Records from a dataset

----------

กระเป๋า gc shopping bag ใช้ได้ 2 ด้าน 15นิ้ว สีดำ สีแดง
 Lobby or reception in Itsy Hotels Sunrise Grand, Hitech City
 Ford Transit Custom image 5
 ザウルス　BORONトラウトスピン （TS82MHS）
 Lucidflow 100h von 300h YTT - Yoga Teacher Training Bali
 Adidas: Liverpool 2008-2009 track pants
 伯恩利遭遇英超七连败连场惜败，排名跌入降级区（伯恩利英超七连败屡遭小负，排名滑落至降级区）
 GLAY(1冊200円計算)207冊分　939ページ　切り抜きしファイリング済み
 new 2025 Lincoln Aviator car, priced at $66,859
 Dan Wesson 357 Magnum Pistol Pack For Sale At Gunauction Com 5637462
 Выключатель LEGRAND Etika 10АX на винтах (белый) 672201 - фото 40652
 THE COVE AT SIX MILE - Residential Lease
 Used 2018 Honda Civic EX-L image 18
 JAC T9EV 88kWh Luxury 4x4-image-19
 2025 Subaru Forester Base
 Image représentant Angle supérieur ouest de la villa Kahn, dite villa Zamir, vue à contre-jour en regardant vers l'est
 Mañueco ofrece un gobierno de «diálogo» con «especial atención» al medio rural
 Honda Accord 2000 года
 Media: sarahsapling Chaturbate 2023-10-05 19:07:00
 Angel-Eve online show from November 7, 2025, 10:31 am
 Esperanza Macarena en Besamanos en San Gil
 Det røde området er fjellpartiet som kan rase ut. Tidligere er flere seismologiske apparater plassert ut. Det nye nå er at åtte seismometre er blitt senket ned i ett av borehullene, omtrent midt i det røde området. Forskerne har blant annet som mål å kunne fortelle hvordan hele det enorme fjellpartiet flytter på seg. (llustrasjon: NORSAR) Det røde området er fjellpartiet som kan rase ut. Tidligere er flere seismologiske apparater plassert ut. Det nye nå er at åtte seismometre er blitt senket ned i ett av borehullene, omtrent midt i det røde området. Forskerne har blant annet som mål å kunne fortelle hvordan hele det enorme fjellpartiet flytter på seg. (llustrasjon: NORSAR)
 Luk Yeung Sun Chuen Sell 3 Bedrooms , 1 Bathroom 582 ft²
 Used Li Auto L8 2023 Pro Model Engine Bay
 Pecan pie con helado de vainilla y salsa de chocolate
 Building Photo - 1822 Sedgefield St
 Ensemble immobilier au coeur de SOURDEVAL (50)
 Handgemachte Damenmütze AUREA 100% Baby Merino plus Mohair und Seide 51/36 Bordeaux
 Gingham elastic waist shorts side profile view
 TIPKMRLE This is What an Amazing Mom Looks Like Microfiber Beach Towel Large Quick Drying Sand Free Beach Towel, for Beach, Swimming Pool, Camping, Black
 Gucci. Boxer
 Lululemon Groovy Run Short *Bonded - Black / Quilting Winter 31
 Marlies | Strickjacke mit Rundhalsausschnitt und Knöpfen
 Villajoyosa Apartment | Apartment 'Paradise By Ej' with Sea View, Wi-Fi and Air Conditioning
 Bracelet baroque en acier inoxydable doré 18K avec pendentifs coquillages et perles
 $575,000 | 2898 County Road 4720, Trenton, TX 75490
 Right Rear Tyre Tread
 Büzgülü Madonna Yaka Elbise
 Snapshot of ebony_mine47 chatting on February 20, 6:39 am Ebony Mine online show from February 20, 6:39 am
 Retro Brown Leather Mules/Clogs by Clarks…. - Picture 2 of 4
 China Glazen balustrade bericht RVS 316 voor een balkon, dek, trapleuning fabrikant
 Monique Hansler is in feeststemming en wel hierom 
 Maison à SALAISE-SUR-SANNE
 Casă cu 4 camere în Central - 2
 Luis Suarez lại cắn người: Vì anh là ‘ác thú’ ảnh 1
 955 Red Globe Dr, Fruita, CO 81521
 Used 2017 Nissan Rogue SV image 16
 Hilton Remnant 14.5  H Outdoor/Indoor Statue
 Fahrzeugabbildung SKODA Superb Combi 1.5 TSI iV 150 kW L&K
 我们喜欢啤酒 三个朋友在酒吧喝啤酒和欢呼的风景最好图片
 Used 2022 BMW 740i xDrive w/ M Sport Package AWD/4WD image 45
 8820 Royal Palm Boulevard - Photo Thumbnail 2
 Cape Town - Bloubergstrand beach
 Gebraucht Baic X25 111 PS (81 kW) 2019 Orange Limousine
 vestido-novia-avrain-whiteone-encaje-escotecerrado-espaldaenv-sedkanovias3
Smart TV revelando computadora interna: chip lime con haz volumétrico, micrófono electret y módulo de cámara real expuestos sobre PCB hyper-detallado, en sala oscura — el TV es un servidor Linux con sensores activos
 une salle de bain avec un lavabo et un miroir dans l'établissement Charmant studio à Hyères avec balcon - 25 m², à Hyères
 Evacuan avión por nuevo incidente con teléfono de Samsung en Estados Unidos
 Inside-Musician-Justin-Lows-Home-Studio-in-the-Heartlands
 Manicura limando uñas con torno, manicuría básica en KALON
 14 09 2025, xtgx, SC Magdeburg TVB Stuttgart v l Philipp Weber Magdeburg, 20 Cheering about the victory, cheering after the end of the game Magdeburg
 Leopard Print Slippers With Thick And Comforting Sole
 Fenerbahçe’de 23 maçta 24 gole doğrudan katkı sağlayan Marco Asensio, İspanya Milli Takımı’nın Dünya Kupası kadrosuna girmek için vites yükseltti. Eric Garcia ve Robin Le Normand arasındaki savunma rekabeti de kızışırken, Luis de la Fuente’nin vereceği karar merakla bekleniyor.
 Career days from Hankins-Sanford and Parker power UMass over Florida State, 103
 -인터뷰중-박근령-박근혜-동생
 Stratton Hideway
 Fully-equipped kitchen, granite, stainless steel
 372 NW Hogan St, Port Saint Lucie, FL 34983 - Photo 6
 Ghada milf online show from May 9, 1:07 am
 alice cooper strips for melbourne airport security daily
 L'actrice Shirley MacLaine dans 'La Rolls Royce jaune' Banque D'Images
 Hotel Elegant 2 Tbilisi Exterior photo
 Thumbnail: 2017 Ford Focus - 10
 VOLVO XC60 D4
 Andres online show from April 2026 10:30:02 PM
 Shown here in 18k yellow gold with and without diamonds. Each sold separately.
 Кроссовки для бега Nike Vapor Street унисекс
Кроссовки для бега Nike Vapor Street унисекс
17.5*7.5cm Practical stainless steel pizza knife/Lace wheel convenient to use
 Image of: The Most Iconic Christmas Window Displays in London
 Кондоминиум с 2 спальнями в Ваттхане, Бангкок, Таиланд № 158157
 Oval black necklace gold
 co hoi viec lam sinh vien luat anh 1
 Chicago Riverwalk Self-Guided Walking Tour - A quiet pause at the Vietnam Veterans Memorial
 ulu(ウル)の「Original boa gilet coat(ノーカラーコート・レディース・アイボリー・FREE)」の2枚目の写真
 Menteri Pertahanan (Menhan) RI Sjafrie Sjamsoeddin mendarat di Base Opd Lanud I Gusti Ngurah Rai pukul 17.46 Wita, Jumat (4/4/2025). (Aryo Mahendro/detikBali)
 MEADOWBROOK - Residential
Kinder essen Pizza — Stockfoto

----------

The line containing "VOLVO XC60 D4" and all lines after it, through the last line of the data, should be retyped exactly.

Written solution =>
 VOLVO XC60 D4
 Andres online show from April 2026 10:30:02 PM
 Shown here in 18k yellow gold with and without diamonds. Each sold separately.
 Кроссовки для бега Nike Vapor Street унисекс
Кроссовки для бега Nike Vapor Street унисекс
17.5*7.5cm Practical stainless steel pizza knife/Lace wheel convenient to use
 Image of: The Most Iconic Christmas Window Displays in London
 Кондоминиум с 2 спальнями в Ваттхане, Бангкок, Таиланд № 158157
 Oval black necklace gold
 co hoi viec lam sinh vien luat anh 1
 Chicago Riverwalk Self-Guided Walking Tour - A quiet pause at the Vietnam Veterans Memorial
 ulu(ウル)の「Original boa gilet coat(ノーカラーコート・レディース・アイボリー・FREE)」の2枚目の写真
 Menteri Pertahanan (Menhan) RI Sjafrie Sjamsoeddin mendarat di Base Opd Lanud I Gusti Ngurah Rai pukul 17.46 Wita, Jumat (4/4/2025). (Aryo Mahendro/detikBali)
 MEADOWBROOK - Residential
Kinder essen Pizza — Stockfoto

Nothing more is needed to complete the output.